Doğulu ve/ya Güneyli toplumları temsil kabiliyetindeki kurumların, entellektüellerin,
düşünürlerin, akademisyenlerin kendilerine verilen bu görevi hakkıyla yerine
getirme konusunda istekli olduklarına kuşku bulunmamaktadır.
Burada, her ne kadar, Doğulu ve/ya Güneyli gerçeklikleriyle bu çevreler görünür
aktör (visible actor) konumunda olsalar veya bu konuma taşınmış bulunsalar
da, moderniteyi üreten düşünce sisteminin devam ettiricilerinin, söz konusu bu
düşünce ve eylem süreçlerinde görünmeyen aktör (invisible actor) olarak
gayet önemli bir işlev sergiledikleri yaklaşımını dikkatle ve ısrarla gündeme
getirilmelidir.
Bu durum, ortada bir işbirliğinin (collaboration) olduğu mesajı
olduğunu güçlü bir şekilde yansıtmaktadır. İlk etapta, yaşanan bu durumu, değişen
ve/ya değişme arzusundaki modernite olarak anlamak mümkün.
Devamlılık olgusu: ‘dış-öteki’nin desteği
Bu düşüncenin devamı olarak, modernite’nin bu türden bir devam ettirici
yapıya ihtiyaç duymasının, bizatihi kendi iç zaafiyeti olduğu ve bu durumun mantıki
bir çıkarımı olarak, çöküşünün de yakın olduğu düşüncesinin akla gelmesinin
doğurduğu bir tür gizli/açık memnuniyet/hoşluk kendini eleveriyor.

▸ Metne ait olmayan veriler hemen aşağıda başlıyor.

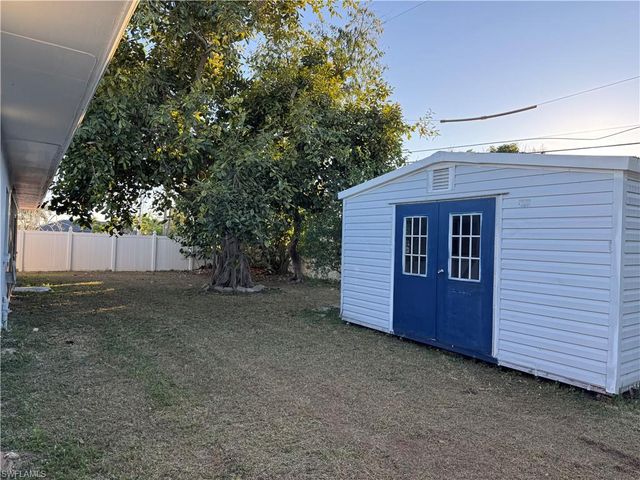 4936 Nassau CT, Cape Coral, FL 33904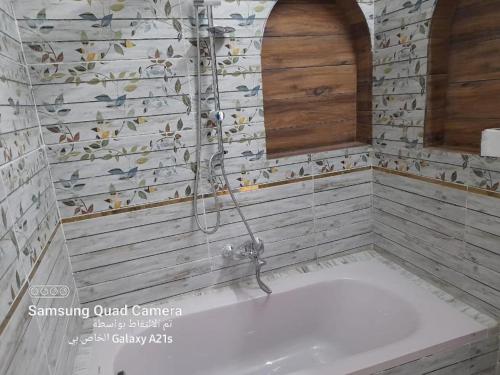 Cataract Nile View Roomsにあるバスルーム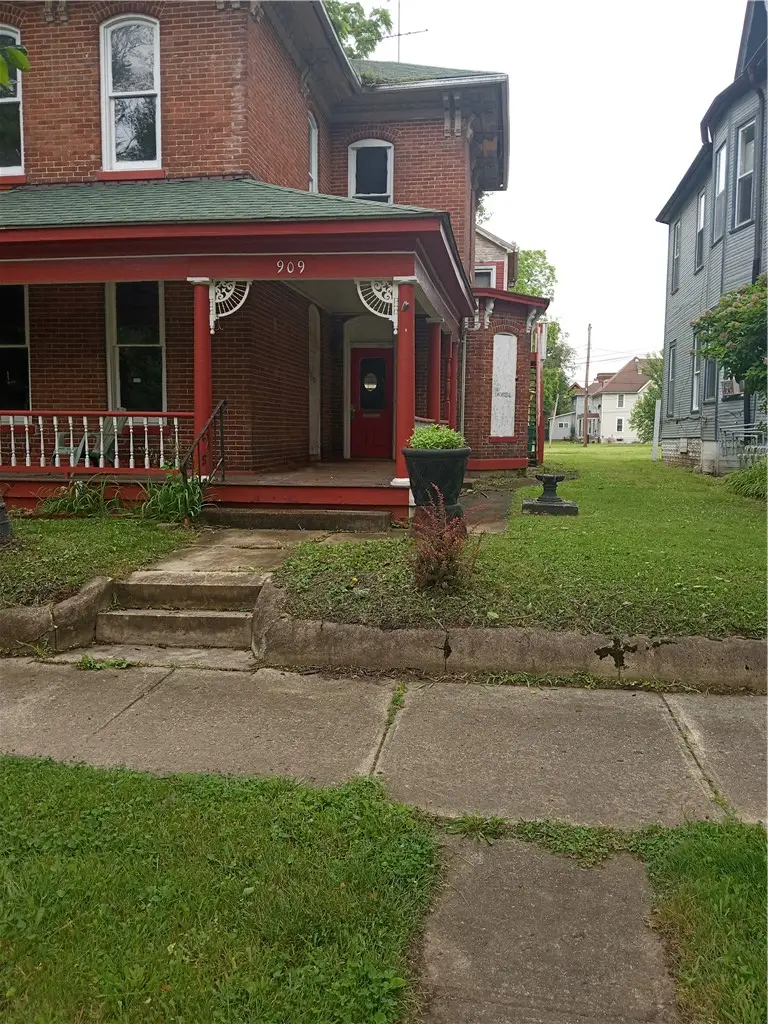 909 S Fountain Avenue, Springfield, OH 45506 - #2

Oysa, tarihi gelişim sürecinde modernitenin, ne tür evrelerden geçtiği ve
bu geçtiği evreler üzerinde gizli/açık yeniden kendini nasıl var kıldığı hatırlandığında,
bugün olan bitenin uyanık bir bilinçle ele alınmasını zorunlu kılıyor.
Bu noktada, modernite kayda değer bir şekilde yani, kurumsal bağlamı ve
düşünce ağları özelinde gündeme gelmeye başladığı 16. yüzyıldan itibaren, durağan
(static) değil aksine, kendi içinde dönümüşü (self-transformation)

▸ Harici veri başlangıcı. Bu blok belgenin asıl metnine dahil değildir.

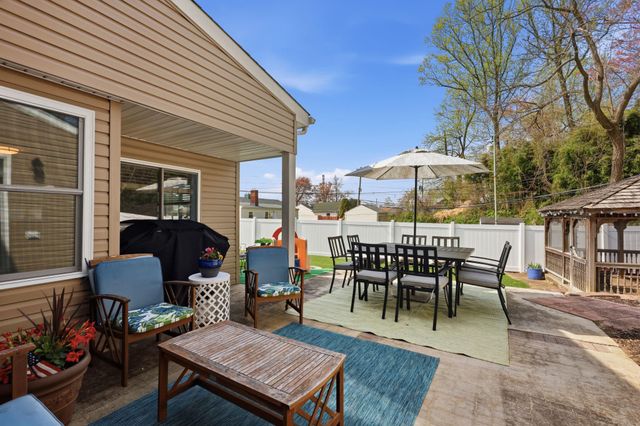 425 AUSTIN CIR, Fairless Hills, PA 19030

ve değişimi sürekli gözetmiş ve hatta gizli/açık bunu teşvik etmiş felsefi bir
bağlama sahiptir.
Böylesi bir sistemik yapı bunu gerçekleştirirken, dün yanı başındaki ‘iç-öteki’den
yararlanırken, bugün ‘dış-öteki’nden yararlanmakta herhangi bir mahzur
görmemektedir.
Hiç kuşku yok ki, burada, bir bilinçten söz ettiğimiz ortadadır. Söz konusu
bu bilinç, modernitenin kasıtlı ve belirleyici olacak şekilde kendini ortaya
koyduğu ve geleceğe dair ilerlemeci (progressive) bir mantıkla
sürdürülebilirliğini gerçekleştirmekte olduğuyla alâkalıdır.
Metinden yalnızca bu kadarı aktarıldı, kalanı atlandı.